## Directions
Where does the word "following" show up in the data? Please find each such line and copy it.

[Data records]
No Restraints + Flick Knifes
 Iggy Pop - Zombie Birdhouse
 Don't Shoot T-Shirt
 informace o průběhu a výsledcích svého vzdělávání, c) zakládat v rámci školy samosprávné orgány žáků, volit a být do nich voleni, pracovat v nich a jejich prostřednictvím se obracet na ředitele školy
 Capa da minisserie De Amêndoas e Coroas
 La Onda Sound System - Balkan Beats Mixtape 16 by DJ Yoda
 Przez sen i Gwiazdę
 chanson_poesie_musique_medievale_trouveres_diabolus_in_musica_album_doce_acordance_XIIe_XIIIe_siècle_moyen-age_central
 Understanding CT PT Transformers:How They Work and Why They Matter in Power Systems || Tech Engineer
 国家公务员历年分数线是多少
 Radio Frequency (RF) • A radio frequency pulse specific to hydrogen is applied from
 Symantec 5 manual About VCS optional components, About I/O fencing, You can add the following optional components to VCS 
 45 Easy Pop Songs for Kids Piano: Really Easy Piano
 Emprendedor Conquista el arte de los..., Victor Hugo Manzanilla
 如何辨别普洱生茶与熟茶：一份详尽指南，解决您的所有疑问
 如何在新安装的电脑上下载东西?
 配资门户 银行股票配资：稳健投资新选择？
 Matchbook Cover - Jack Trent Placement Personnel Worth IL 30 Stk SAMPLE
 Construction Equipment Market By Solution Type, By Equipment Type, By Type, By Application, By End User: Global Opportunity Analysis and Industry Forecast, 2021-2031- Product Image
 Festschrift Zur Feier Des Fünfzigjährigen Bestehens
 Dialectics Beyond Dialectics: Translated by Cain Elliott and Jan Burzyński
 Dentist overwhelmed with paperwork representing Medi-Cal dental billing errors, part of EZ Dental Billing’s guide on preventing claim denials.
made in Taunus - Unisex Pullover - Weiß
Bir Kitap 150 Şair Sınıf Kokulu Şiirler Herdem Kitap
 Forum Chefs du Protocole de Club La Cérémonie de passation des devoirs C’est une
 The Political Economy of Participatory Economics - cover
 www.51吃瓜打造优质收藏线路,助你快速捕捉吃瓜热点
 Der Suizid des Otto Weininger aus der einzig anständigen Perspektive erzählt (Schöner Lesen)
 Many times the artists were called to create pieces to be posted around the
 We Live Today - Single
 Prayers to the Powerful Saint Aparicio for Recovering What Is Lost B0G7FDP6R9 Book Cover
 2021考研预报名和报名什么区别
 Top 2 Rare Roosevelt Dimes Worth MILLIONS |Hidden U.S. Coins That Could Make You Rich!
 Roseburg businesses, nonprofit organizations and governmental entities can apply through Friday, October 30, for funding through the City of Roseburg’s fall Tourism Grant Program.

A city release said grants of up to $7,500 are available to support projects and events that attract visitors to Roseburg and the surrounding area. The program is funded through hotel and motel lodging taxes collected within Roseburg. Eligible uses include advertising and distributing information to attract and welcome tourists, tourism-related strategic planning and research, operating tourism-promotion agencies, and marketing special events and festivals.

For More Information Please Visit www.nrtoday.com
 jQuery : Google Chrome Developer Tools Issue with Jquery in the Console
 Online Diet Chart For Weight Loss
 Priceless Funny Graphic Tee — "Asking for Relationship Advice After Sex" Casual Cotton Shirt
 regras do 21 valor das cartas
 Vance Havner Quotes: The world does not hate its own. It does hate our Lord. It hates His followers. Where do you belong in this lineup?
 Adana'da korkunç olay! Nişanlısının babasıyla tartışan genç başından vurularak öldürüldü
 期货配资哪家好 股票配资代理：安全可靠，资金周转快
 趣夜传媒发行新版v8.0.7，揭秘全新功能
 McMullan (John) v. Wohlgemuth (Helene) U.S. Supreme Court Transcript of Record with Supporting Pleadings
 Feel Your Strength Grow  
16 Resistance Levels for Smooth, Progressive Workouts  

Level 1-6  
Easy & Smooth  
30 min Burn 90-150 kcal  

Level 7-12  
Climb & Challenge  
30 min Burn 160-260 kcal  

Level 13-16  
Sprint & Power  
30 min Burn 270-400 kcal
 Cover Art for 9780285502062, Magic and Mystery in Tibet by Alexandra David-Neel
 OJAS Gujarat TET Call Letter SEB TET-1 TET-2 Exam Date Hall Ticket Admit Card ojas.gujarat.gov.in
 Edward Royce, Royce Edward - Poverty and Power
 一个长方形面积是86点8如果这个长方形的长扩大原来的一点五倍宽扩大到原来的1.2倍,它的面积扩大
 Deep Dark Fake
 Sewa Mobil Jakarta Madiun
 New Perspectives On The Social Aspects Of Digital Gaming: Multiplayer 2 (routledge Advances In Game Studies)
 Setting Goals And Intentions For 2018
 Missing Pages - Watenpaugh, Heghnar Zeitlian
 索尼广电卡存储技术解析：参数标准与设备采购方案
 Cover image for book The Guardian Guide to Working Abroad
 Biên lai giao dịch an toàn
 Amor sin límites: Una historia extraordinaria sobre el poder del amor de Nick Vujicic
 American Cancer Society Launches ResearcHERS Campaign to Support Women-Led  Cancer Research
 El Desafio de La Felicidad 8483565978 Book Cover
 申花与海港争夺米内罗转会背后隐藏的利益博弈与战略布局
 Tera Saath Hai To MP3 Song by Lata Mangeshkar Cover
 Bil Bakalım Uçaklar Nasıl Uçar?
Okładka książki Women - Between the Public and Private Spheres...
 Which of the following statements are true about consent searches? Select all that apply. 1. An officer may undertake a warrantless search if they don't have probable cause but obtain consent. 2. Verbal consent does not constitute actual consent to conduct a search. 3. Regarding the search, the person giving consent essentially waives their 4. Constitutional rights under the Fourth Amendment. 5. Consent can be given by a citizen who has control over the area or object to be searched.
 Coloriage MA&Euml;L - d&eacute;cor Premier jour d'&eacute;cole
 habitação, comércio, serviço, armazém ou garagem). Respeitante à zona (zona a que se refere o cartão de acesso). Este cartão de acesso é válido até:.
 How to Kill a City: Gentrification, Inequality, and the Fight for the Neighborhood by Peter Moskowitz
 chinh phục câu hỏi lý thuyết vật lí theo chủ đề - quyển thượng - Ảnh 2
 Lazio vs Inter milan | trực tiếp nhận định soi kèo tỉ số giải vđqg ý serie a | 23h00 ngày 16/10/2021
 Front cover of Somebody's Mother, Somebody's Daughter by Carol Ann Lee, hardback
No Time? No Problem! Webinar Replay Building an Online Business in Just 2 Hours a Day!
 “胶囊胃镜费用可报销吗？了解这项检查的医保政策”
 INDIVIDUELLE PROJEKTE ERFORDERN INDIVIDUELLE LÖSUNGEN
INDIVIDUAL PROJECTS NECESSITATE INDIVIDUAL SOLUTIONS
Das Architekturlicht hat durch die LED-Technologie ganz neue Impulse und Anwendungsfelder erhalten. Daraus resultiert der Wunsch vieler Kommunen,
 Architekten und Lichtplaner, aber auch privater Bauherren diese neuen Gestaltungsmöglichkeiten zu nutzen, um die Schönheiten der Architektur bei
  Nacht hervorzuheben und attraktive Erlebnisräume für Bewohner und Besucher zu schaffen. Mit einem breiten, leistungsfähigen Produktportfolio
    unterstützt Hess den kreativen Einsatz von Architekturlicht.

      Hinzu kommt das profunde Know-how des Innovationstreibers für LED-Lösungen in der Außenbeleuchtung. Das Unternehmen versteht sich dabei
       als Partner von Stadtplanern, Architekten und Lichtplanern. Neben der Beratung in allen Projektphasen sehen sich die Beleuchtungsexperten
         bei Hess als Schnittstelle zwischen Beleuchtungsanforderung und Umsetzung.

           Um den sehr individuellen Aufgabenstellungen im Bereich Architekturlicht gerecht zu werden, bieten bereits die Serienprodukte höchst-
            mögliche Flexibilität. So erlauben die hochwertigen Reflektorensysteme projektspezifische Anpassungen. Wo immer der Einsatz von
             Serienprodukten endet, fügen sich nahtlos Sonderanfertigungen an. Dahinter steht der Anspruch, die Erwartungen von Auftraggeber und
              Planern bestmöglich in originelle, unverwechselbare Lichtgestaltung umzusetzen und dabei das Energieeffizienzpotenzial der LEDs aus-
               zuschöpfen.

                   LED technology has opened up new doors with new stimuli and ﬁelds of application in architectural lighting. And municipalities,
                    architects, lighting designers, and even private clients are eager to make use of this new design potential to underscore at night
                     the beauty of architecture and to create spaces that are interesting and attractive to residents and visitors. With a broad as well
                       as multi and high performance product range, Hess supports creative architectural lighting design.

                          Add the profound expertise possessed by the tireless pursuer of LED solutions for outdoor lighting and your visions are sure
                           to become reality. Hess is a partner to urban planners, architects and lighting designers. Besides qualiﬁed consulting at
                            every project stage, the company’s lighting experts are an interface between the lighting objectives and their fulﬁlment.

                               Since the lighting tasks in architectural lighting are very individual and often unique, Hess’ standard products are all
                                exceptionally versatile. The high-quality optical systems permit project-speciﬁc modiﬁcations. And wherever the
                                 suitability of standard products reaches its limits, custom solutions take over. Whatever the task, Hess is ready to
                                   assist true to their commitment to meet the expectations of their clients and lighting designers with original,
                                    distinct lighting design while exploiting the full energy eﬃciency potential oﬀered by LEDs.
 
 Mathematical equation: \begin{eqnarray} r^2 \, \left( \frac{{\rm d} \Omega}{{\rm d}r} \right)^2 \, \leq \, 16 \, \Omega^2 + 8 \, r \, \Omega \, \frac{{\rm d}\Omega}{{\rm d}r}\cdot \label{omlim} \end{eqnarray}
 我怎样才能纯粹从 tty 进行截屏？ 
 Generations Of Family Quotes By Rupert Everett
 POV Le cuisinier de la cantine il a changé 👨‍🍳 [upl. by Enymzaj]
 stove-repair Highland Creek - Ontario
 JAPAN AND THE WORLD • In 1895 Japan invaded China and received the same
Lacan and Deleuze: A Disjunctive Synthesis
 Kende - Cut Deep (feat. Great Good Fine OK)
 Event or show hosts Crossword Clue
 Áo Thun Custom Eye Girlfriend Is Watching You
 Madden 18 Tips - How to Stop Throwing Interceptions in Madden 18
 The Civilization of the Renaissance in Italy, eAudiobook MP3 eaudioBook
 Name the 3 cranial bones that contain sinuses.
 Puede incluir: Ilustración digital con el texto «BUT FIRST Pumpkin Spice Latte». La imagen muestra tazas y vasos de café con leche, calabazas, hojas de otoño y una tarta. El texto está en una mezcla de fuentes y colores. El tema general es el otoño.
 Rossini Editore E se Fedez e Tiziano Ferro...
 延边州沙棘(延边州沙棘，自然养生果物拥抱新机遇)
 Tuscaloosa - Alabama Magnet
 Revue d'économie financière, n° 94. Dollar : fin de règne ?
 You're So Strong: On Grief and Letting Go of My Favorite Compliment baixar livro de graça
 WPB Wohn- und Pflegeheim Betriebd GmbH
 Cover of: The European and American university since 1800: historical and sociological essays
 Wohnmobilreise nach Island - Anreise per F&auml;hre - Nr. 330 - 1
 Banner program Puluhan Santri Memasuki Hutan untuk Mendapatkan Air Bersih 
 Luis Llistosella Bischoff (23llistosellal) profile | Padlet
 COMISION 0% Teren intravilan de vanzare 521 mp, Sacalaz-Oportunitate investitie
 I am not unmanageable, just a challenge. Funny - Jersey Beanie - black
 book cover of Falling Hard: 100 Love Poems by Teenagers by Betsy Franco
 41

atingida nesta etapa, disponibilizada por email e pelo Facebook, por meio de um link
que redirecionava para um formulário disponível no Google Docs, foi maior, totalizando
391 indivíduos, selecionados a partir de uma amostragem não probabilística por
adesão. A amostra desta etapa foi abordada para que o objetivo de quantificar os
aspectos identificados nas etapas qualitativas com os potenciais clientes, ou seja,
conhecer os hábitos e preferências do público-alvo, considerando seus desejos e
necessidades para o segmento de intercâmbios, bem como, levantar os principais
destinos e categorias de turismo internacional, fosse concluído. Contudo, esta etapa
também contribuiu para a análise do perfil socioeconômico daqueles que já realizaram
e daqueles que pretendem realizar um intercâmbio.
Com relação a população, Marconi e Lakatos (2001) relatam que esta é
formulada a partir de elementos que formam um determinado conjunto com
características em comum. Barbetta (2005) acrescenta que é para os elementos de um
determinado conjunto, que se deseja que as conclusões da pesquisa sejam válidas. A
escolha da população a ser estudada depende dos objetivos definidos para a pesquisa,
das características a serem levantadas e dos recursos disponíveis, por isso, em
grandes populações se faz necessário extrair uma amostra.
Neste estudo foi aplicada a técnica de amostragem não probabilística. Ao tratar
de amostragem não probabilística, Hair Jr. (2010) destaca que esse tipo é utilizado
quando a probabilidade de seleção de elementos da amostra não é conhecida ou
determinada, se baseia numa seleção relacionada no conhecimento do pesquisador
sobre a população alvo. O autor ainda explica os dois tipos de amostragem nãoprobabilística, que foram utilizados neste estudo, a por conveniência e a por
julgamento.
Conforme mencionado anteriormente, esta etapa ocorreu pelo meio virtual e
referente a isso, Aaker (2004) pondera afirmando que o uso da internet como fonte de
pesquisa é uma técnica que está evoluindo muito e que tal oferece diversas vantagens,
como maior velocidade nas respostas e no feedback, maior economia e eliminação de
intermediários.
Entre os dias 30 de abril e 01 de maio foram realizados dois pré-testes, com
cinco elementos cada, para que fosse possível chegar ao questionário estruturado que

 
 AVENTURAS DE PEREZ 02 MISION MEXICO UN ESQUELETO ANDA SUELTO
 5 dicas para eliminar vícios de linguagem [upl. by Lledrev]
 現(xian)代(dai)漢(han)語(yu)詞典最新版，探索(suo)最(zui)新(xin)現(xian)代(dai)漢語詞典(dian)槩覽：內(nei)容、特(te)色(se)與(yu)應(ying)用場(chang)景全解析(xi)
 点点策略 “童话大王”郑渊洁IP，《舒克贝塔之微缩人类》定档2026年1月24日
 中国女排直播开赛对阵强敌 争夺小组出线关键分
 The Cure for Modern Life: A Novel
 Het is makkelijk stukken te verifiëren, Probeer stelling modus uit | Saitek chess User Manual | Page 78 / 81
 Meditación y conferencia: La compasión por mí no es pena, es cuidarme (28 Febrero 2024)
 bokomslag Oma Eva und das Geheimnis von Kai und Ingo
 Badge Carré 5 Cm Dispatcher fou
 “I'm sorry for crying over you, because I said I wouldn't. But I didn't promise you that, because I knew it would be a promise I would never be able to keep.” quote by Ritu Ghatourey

## Answer below
 Symantec 5 manual About VCS optional components, About I/O fencing, You can add the following optional components to VCS 
 Which of the following statements are true about consent searches? Select all that apply. 1. An officer may undertake a warrantless search if they don't have probable cause but obtain consent. 2. Verbal consent does not constitute actual consent to conduct a search. 3. Regarding the search, the person giving consent essentially waives their 4. Constitutional rights under the Fourth Amendment. 5. Consent can be given by a citizen who has control over the area or object to be searched.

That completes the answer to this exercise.